* _Brief descriptive captions_:
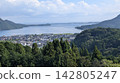 從兜山上可以俯瞰久美濱灣和鬱鬱蔥蔥的綠色植物全景。 142805247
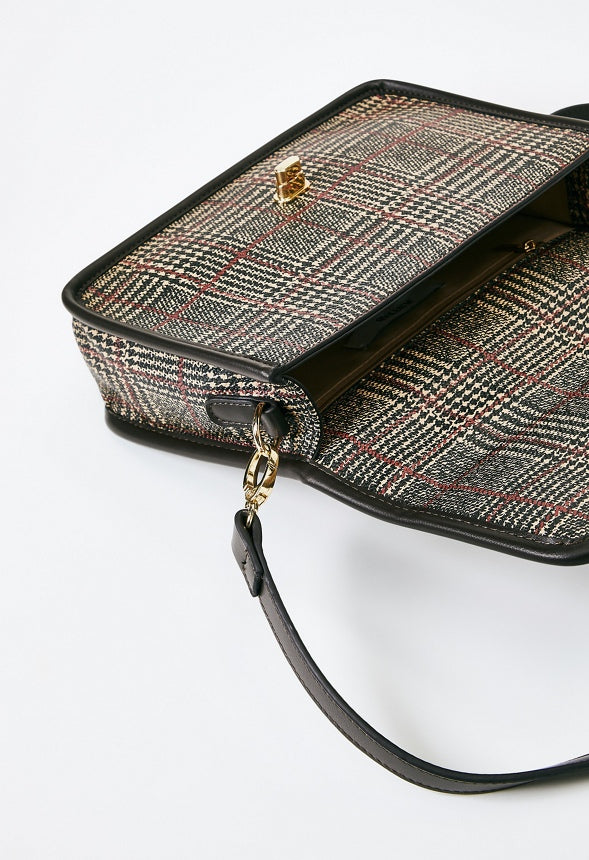 Crossbody With Top Handle Coffee Multi
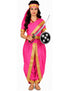 Rani Laxmi Bai Saree with Jewellery Jhansi Ki Rani Freedom Fighter Manikarnika for Girl Kids and Adult Fancy Dress Costume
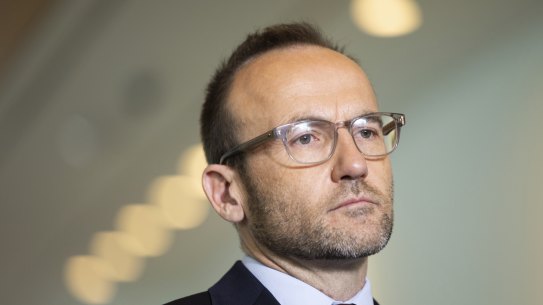 Greens leader Adam Bandt remains in negotiations with Labor over emissions reduction legislation.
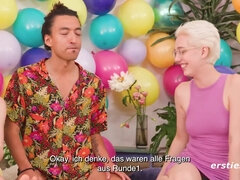 Enthousiasteling, Oksel, Grote kont, Pijpbeurt, Bruinharig, Spel, Groep, Orgasme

* _EXERCISE AIM_: Once the line containing "Rani Laxmi Bai" is found, it and every line through the end of the records above should be output exactly, with no pictures.

* _SOLUTION TO THIS EXERCISE_:
 Rani Laxmi Bai Saree with Jewellery Jhansi Ki Rani Freedom Fighter Manikarnika for Girl Kids and Adult Fancy Dress Costume
 Greens leader Adam Bandt remains in negotiations with Labor over emissions reduction legislation.
 Enthousiasteling, Oksel, Grote kont, Pijpbeurt, Bruinharig, Spel, Groep, Orgasme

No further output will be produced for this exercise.